Ian Kelly ian.g.kelly at gmail.com
Sat Jul 2 01:09:10 EDT 2016


On Fri, Jul 1, 2016 at 4:08 PM, Lawrence D’Oliveiro
<lawrencedo99 at gmail.com> wrote:
> On Tuesday, June 28, 2016 at 5:03:08 PM UTC+12, Ben Finney wrote:
>> There is a clever one-line decorator that has been copy-pasted without
>> explanation in many code bases for many years::
>>
>>     decorator_with_args = lambda decorator: lambda *args, **kwargs: lambda func: decorator(func, *args, **kwargs)
>>
>
> For those who want docstrings, I’ll give you docstrings:
>
>     def decorator_with_args(decorator) :
>         "given function decorator(func, *args, **kwargs), returns a decorator which," \
>         " given func, returns the result of decorator(func, *args, **kwargs)."
>
>         def decorate(*args, **kwargs) :
>
>             def generated_decorator(func) :
>                 return \
>                     decorator(func, *args, **kwargs)
>             #end generated_decorator
>
>         #begin decorate
>             generated_decorator.__name__ = "decorator_{}".format(decorator.__name__)
>             generated_decorator.__doc__ = "decorator which applies {} to the previously-specified arguments".format(decorator.__name__)
>             return \
>                 generated_decorator
>         #end decorate
>
>     #begin decorator_with_args
>         decorate.__name__ = "decorate_with_{}".format(decorator.__name__)
>         decorate.__doc__ = "generates a decorator which applies {} to the given arguments".format(decorator.__name__)

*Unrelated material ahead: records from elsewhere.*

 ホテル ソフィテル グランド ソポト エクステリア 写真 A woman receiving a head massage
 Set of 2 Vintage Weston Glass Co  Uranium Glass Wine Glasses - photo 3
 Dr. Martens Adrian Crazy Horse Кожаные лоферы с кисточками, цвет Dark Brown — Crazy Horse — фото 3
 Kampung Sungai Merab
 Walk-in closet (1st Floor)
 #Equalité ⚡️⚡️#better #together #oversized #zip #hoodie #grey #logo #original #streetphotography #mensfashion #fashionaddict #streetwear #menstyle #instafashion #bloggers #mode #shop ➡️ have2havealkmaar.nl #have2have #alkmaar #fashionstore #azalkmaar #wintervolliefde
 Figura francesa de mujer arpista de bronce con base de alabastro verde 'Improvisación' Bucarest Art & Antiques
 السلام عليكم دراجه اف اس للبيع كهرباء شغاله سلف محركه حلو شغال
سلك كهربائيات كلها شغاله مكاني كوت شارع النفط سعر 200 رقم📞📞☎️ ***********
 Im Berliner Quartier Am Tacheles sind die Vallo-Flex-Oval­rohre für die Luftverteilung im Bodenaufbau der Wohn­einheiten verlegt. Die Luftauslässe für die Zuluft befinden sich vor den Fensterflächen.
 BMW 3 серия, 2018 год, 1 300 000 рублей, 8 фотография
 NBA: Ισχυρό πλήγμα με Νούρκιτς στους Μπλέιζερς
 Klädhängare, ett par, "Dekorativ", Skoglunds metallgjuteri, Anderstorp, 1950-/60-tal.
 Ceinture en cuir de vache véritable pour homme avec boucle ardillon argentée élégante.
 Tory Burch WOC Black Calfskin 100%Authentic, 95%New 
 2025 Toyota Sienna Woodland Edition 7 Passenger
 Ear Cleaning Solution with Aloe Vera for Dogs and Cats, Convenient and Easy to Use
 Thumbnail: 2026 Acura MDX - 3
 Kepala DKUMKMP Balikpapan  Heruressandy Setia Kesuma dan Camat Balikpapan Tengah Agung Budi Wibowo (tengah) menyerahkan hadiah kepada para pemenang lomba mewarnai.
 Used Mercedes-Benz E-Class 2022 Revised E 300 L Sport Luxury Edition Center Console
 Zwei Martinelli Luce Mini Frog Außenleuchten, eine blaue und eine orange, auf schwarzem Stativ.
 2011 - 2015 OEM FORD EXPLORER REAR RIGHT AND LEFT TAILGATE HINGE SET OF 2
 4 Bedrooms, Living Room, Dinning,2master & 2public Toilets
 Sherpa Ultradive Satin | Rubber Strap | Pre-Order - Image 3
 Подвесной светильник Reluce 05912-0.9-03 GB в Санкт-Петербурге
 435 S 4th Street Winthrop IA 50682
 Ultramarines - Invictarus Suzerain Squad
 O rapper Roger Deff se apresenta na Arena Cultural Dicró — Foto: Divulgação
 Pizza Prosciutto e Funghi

You should use functools.wraps instead of clobbering the decorated
function's name and docstring:

        @functools.wraps(decorator)
        def decorate(*args, **kwargs):
            ...

>         return \
>             decorate

Just to satisfy my own curiosity, do you have something against
putting the return keyword and the returned expression on the same
line?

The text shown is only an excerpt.